**Task instructions**
A faithful copy of the listing below is needed, with its pictures left out.
───── Data segment ─────
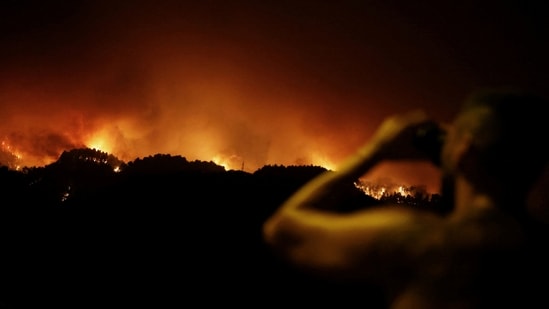 Canary Islands regional president Fernando Clavijo told reporters in a late-night briefing that Friday's firefighting efforts "progressed well, although the fire is still out of control."&nbsp;(REUTERS)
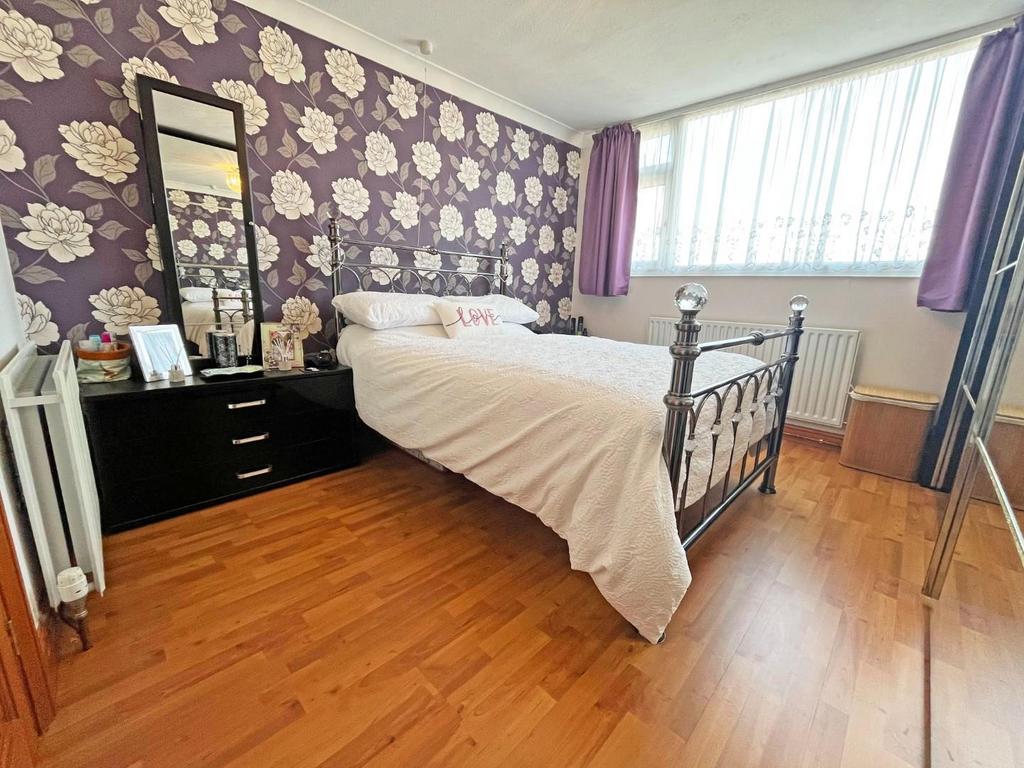Bed 1.jpg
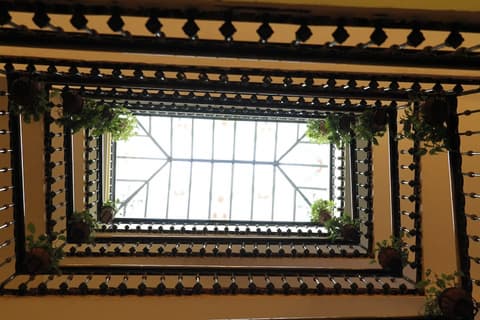 Pace Helvezia, Staircase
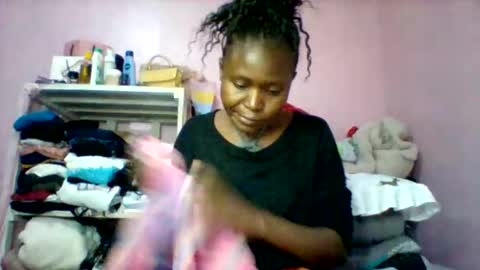 Snapshot of cutezola chatting on 14, 9, 2025 cutezola online show from 14, 9, 2025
─────
**Result below**
 Canary Islands regional president Fernando Clavijo told reporters in a late-night briefing that Friday's firefighting efforts "progressed well, although the fire is still out of control."&nbsp;(REUTERS)
Bed 1.jpg
 Pace Helvezia, Staircase
 Snapshot of cutezola chatting on 14, 9, 2025 cutezola online show from 14, 9, 2025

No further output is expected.